*** Data shown ***

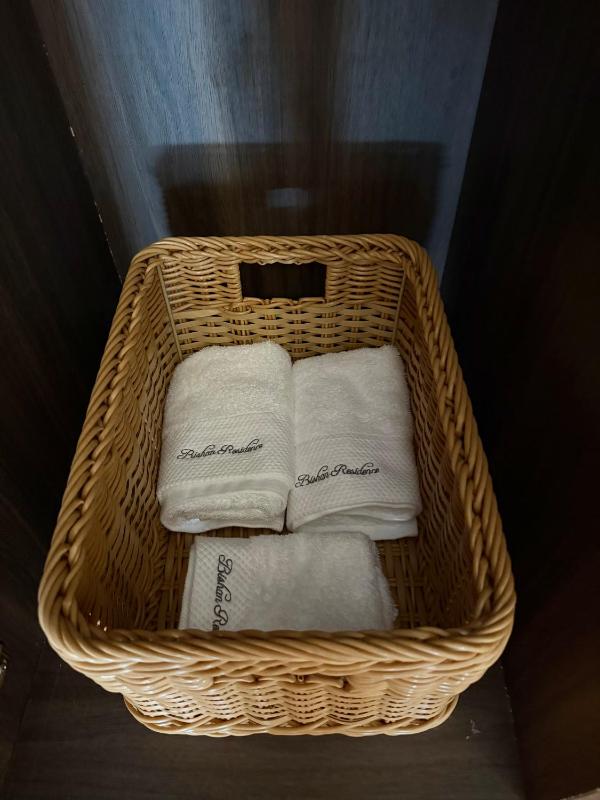 Xiamen Gulangyu Bishan Residence - image 21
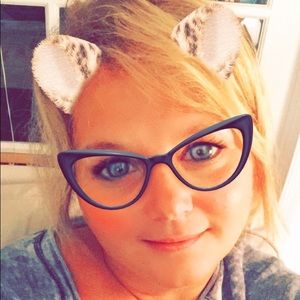 Meet your Posher, Kristen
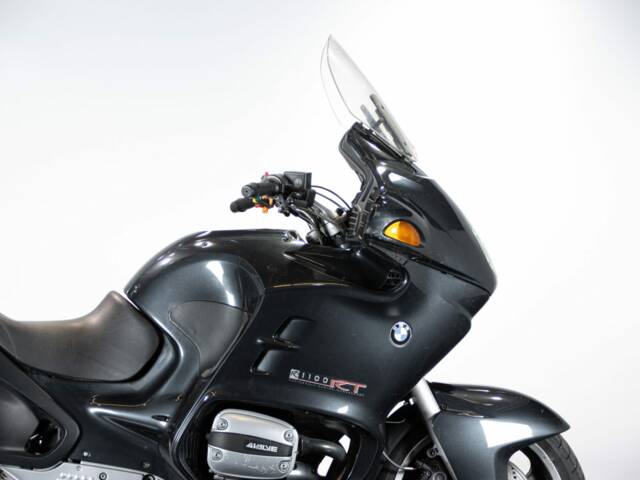 BMW R 1100 RT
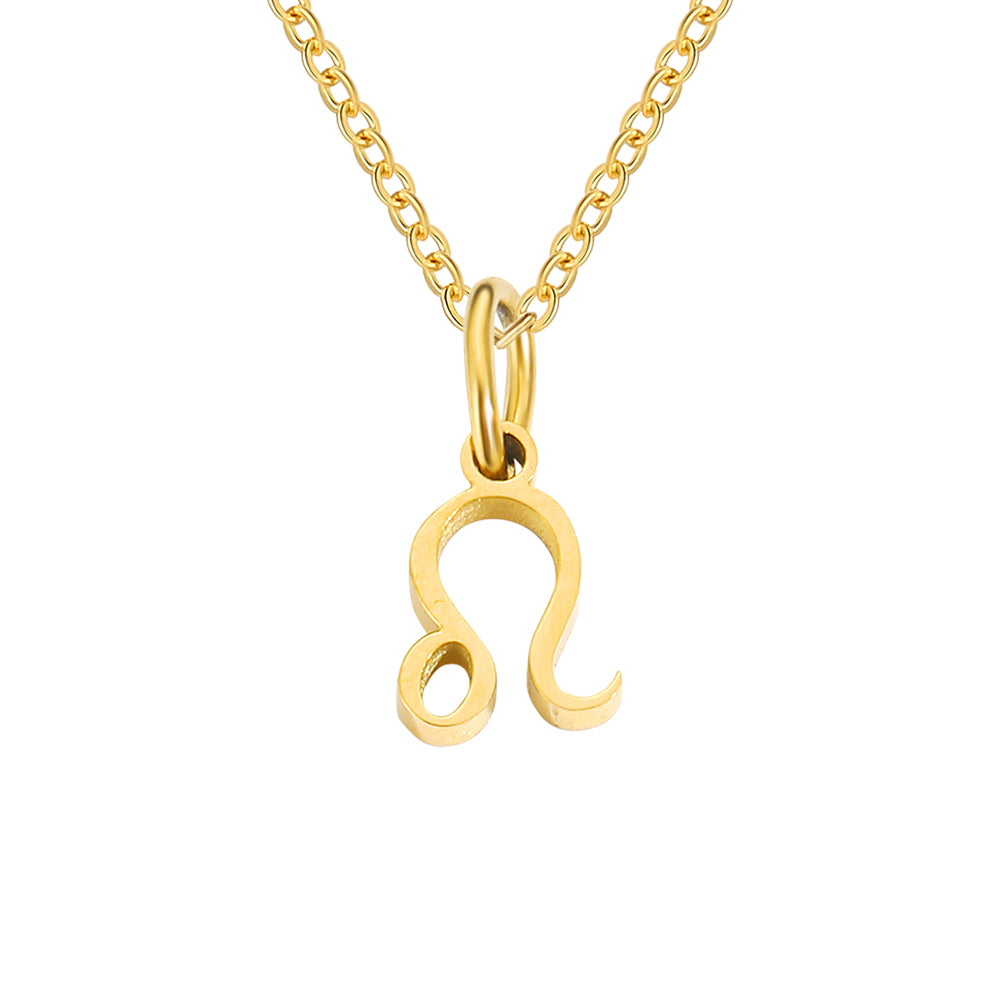 Collier Astra Fin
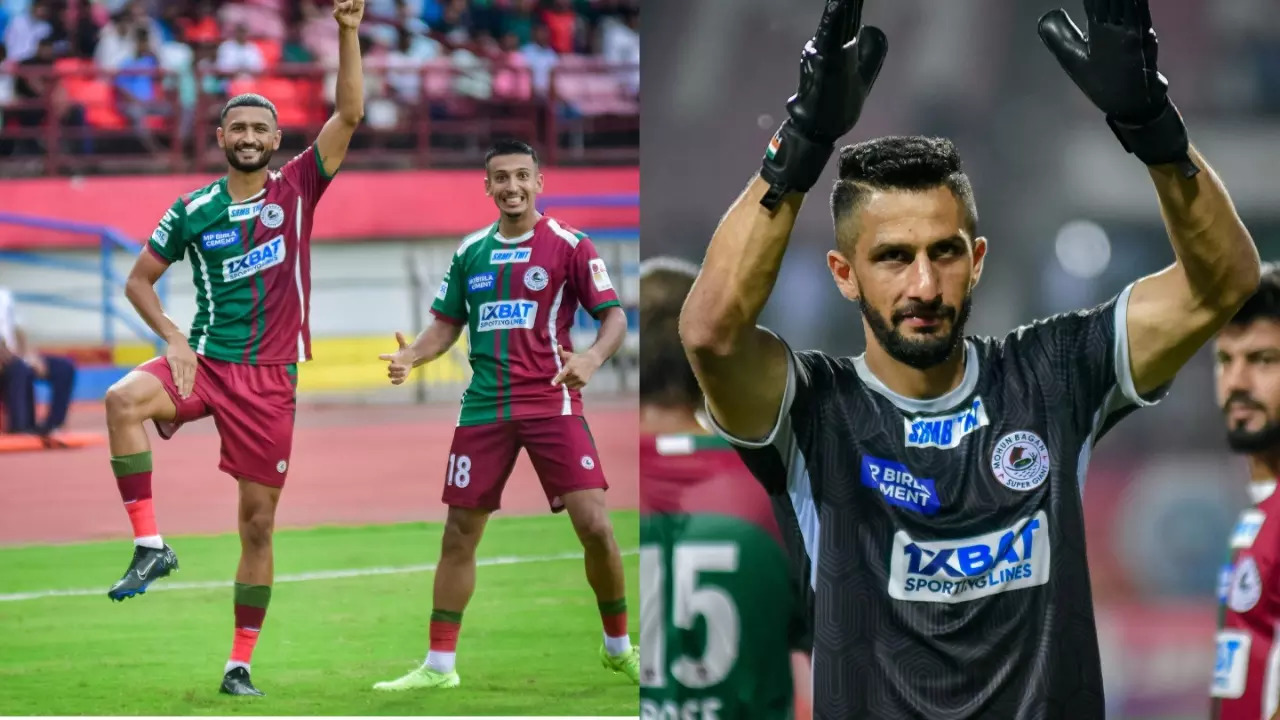 Mohun Bagan Super Giant Qualify For Durand Cup 2024 Semis After Thrilling Win in Penalties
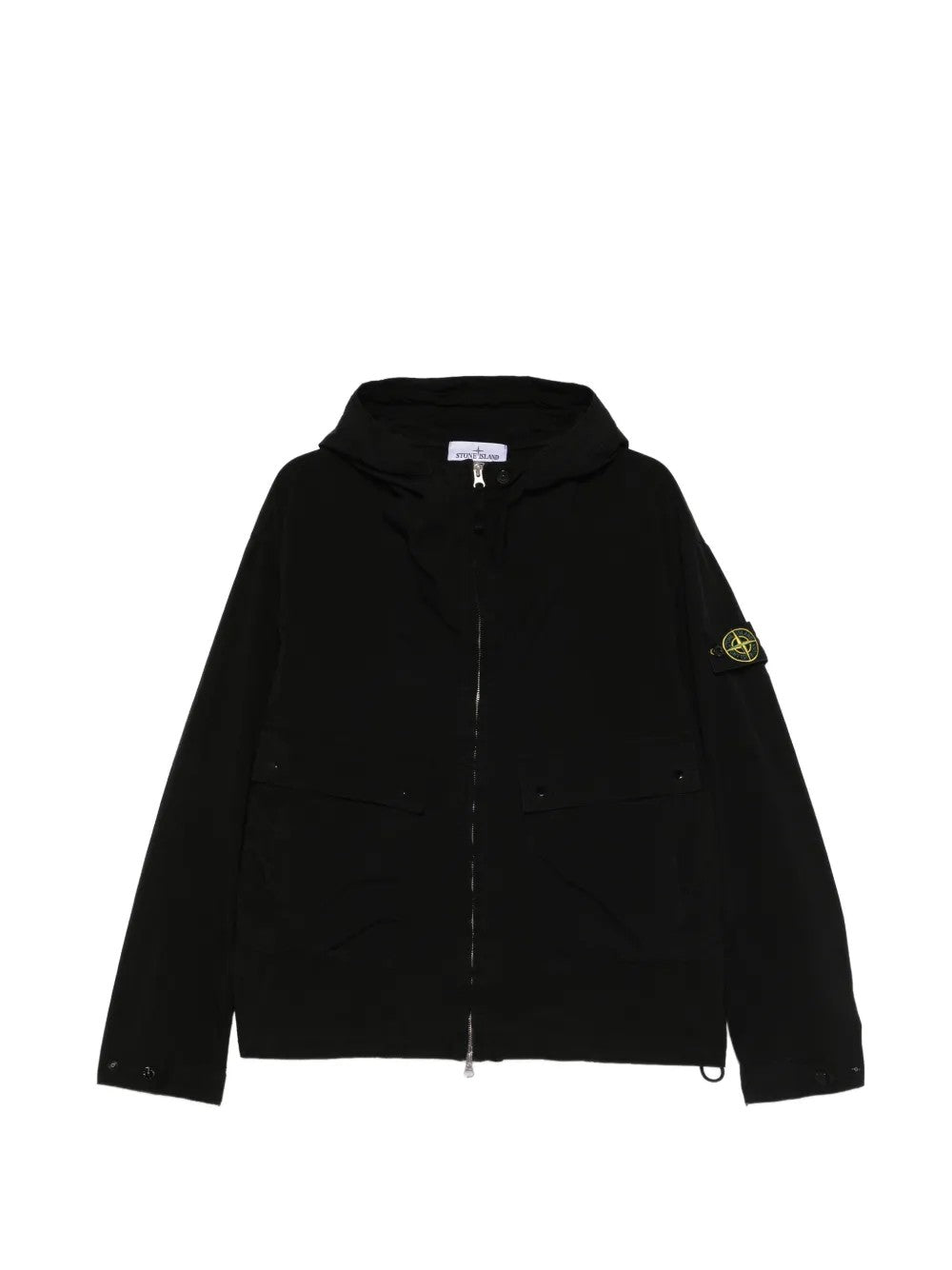 STONE ISLAND - Giacca parka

***

Try it> Once the line with "BMW R 1100 RT" is found, output it and every line after it through the end of the listing, exactly, without pictures.

Final answer>
 BMW R 1100 RT
 Collier Astra Fin
 Mohun Bagan Super Giant Qualify For Durand Cup 2024 Semis After Thrilling Win in Penalties
 STONE ISLAND - Giacca parka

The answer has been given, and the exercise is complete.